Sitting beside Mariam was Mousumi Akter, 19, who had worked at New Weave Style Ltd in Rana Plaza. She narrowly survived the collapse but lost her husband who too had worked in the building.
She needs around Tk 2,500 a month to feed her eight-month-old son but she has no income now.
“My father helps us as he doesn’t want me to work in any garment factory,” said Mousumi. She does not want to work either cause if she dies like her husband “who will look after my son”.
She had been pulled out of the tangled wreckage of the building.
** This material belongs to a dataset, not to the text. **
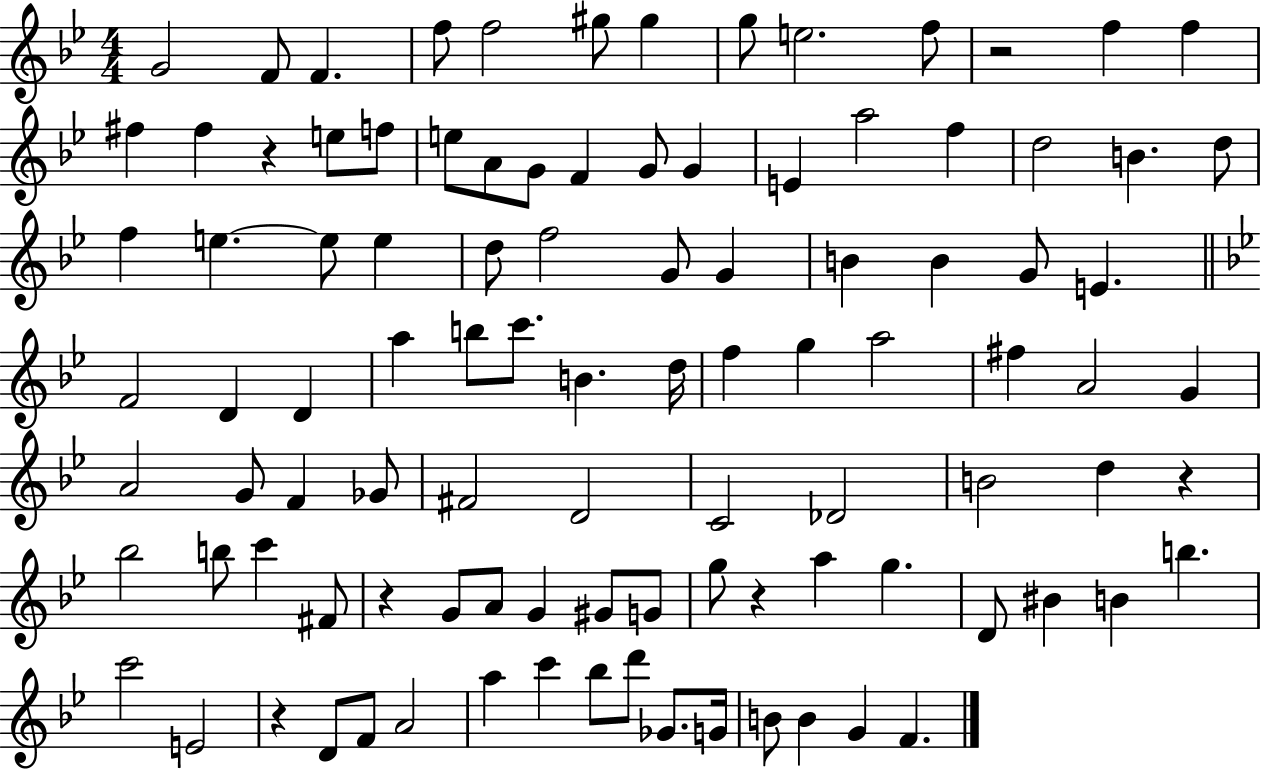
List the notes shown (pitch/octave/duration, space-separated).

G4/h F4/e F4/q. F5/e F5/h G#5/e G#5/q G5/e E5/h. F5/e R/h F5/q F5/q F#5/q F#5/q R/q E5/e F5/e E5/e A4/e G4/e F4/q G4/e G4/q E4/q A5/h F5/q D5/h B4/q. D5/e F5/q E5/q. E5/e E5/q D5/e F5/h G4/e G4/q B4/q B4/q G4/e E4/q. F4/h D4/q D4/q A5/q B5/e C6/e. B4/q. D5/s F5/q G5/q A5/h F#5/q A4/h G4/q A4/h G4/e F4/q Gb4/e F#4/h D4/h C4/h Db4/h B4/h D5/q R/q Bb5/h B5/e C6/q F#4/e R/q G4/e A4/e G4/q G#4/e G4/e G5/e R/q A5/q G5/q. D4/e BIS4/q B4/q B5/q. C6/h E4/h R/q D4/e F4/e A4/h A5/q C6/q Bb5/e D6/e Gb4/e. G4/s B4/e B4/q G4/q F4/q.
But she could not move out of the time of her misery and helplessness and fear of imminent death as the memories still haunt her.
“I cannot focus on anything whenever I remember the building collapse.”
Mousumi got only Tk 16,000 as compensation from an international buyer Primark through bKash, a mobile money transfer service.
She wants to open a tailoring shop to raise her child. For that she needs money and so she urged the government to give the compensation soon.
Prime Minister Sheikh Hasina had promised to give Tk 1 lakh to each family of the dead victims, said Amirul Huq Amin, president of the National Garment Workers Federation.
“But most of them have not so far got the compensation.”
Amirul urged the government to pay compensations on “the loss of earning” basis. In that case, the compensation should be Tk 28 lakh for dead victims and Tk 5 lakh for injured workers, he said, adding that international buyers, the Bangladesh Garment Manufacturers and Exporters Association, garment owners and the government should pay the money.
“If the government provides the families of dead victims with Tk 1 lakh each as promised, there will be no shortage of the fund,” said Salauddin Swapon, secretary general of Bangladesh Garments Sramik Oikya Parishad.